The third case is just going to be reclarifying some case for a competing view that shows how the arguments effectively rule out pragmatism.
Nickk: The type of pragmatism will be the type from William James or pragmatists from that era, 19th century. If you’re familiar.
Satan For Christ: Vaguely. Been a while since I read or studied any James. As I recall, one of the big claims of early American pragmatism is that truth is reducible to some kind of experiential consequence in comparison to aims.
This just suffers the same conceptual merry-go-round that instrumentalism of any variety does. Namely, it infinitely defers the concept of truth to a further question of aim and/or consequence, so that we never arrive at the concept at all.
Nickk: Does anything here presuppose epistemic certainty?
Satan For Christ: I don’t think that’s particularly relevant, but sure?
Nickk: So you get an infinite regress of aims? So you can never arrive at any concept? If so, can you pose an example?

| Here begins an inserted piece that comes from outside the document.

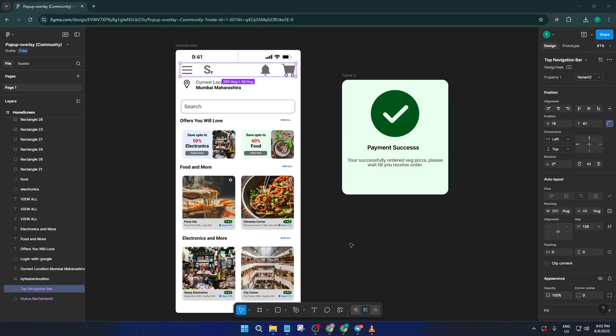Hey everyone, welcome back to the channel. If you've ever wanted to turn your Figma prototypes into slick MP4 videos for sharing with clients, teammates, or your portfolio, you're in the right place.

Satan For Christ: Basically. In order to arrive at a rational aim, I need to know truths in the non-pragmatic sense. But on pragmatism, I don’t. So the only aims I have presuppose an answer to this question I can’t answer.
Nickk: “Truth and Verifiability: For James, truth isn’t an inherent or immutable property of ideas. Instead, it’s an occurrence within an idea depending on its verifiability. Verifiability, then, consists of a pleasant feeling of harmony and progress in the succession of ideas and events. In other words, when you have certain ideas, these follow one after another and adapt to each previous event in the reality you experience.”
Using this from James, how would you pose the objection?
Satan For Christ: Wish I knew whether this were true or not. ; )
Comment for anyone confused:
Satan For Christ made this remark to highlight a problem with William James’s definition of truth. By saying “Wish I knew whether this were true or not,” he humorously points out that if truth is based on what feels right or what works in our experiences, then we can’t be sure if James’s idea of truth itself is true. This creates a confusing loop where we never actually get to a solid understanding of what truth is.